Berlin Islamisten aus Deutschland, die in Konfliktgebiete gehen und kampferprobt zurückkehren, stellen für die Sicherheitsbehörden eine große Herausforderung dar. Das Thema hat durch die Dschihadistengruppe Islamischer Staat (IS), die sowohl in Syrien als auch im Irak Gebiete kontrolliert und ein „Kalifat“ ausgerufen hat, deutlich an Brisanz gewonnen. Selbst die Bundesregierung ist in Alarmstimmung. „Diese Männer haben gelernt zu töten und zu hassen. Sie stellen eine Gefahr für unser Land dar“, sagte Bundesinnenminister Thomas de Maiziere der „Bild am Sonntag“.

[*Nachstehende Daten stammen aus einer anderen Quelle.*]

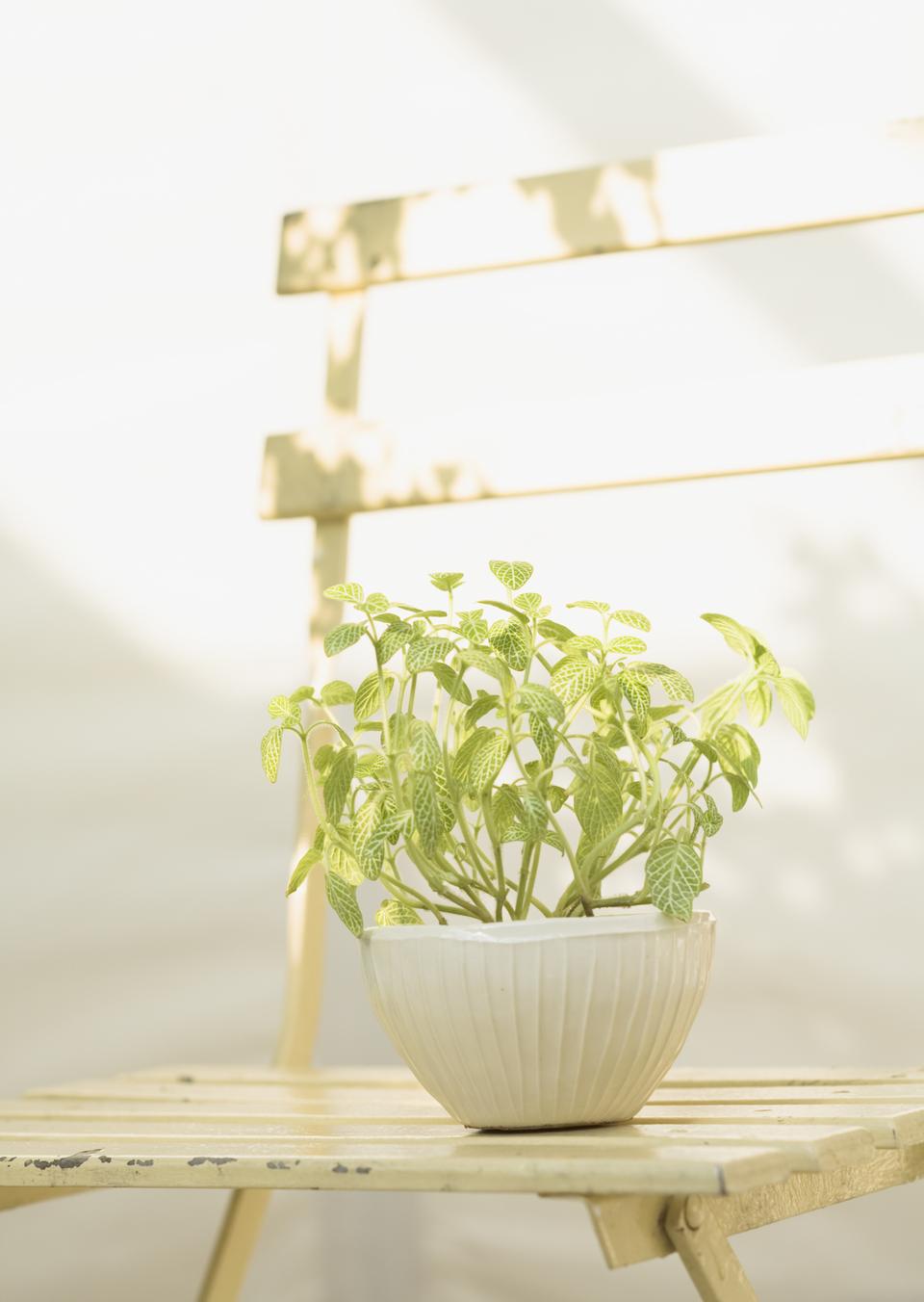 Free download high resolution image - free image free photo free stock image public domain picture  Mosaic plant (Fittonia verschaffeltii) on chair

Doch während de Maizieres britische Kollegin Theresa May schon neue Gesetze gegen radikale Islamisten ankündigte und die Bürger auf einen langen Kampf gegen eine „tödliche Extremistenideologie“ einstimmte, hat die deutsche Politik bisher kein Rezept gegen die Radikalisierung junger Muslime gefunden, die als „Gotteskrieger“ in arabische Krisenregionen ziehen. Dabei wächst die Angst vor Anschlägen, die diese Kämpfer auch in Deutschland verüben könnten.

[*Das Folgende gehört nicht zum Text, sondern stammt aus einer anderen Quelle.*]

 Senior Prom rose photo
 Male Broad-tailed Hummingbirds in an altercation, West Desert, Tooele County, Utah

Aus Sicht des Präsidenten des Bundesverfassungsschutzes, Hans-Georg Maaßen, hat sich die Rückkehr von Syrienkämpfern inzwischen zu einem europäischen Problem entwickelt. „Wir müssen uns auf die Möglichkeit von Anschlägen in Europa einstellen“, sagte Maaßen auf Anfrage von Handelsblatt Online. „Diese Dimension stellt eine große Herausforderung für die Sicherheitsbehörden dar, bei der eine enge Kooperation unabdingbar ist.“

Der Chef des Bundes Deutscher Kriminalbeamter (BDK), André Schulz, sprach von einer abstrakten Gefährdung. „In Sicherheitskreisen fragt man sich eigentlich nicht mehr, ob ein Anschlag in Deutschland passieren wird, sondern wann“, sagte Schulz Handelsblatt Online.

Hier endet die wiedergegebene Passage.